Nixpkgs: Travis build fails more often than it doesn't

Created on 3 Mar 2015 · 34Comments · Source: NixOS/nixpkgs

I'm not sure who's responsible for it or whether it's progressing, but if it's not being actively developed/improved, can we just disable it?

Source

copumpkin

Most helpful comment

Now, that we have pr bots, can we disable travis? It confuses new people.

Mic92 on 13 Nov 2017

👍2

All 34 comments

Maybe Travis should be given a more lightweight task, like running nixpkgs lint and checking for evaluation errors.

spwhitt on 4 Mar 2015

I agree, travis.ci is really not the right tool, i think this should be implemented in hydra.

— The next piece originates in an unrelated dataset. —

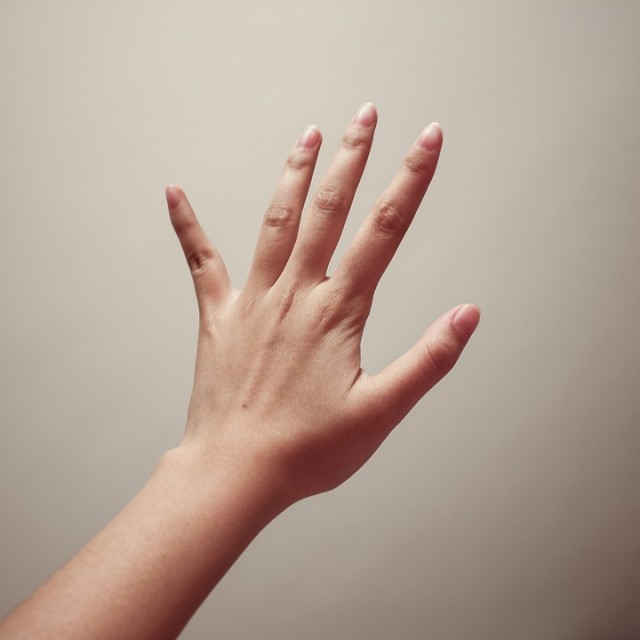 Estalar os dedos causa artrite?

offlinehacker on 4 Mar 2015

👍1

Except Hydra isn't running any tests anymore as far as I can see. I might be wrong, but I think this coincides with Travis not checking successfully anymore.

In fact, looking at most of the latest travis checks this error seems to pop up rather often: GC Warning: Repeated allocation of very large block

devhell on 4 Mar 2015

The number of false-positives generated by those travis-ci jobs is so high that a "failure" outcome is next to meaningless, really. I would like to see those builds disabled, because their presence confuses contributors who spent their time worrying about bugs in their submission because those builds fail, when in fact it's just the build that's broken, not their PR.

peti on 4 Mar 2015

I benefit from travis, I merged many PR just by looking at the travis logs. For the contributor I just say ignore the build, and that's it. Not a big problem as you describe for me.

lethalman on 4 Mar 2015

Ping @madjar.

peti on 4 Mar 2015

As I suggested in my original question, I'm not necessarily opposed to leaving it in place if it's actively developed and there's a plan to improve it soon. But currently it generates so many false failures that I pretty much just ignore it, which means all its really doing is adding noise. Sure, a pass might be a good sign, but if they're rare and the system otherwise confuses new contributors, that doesn't seem good.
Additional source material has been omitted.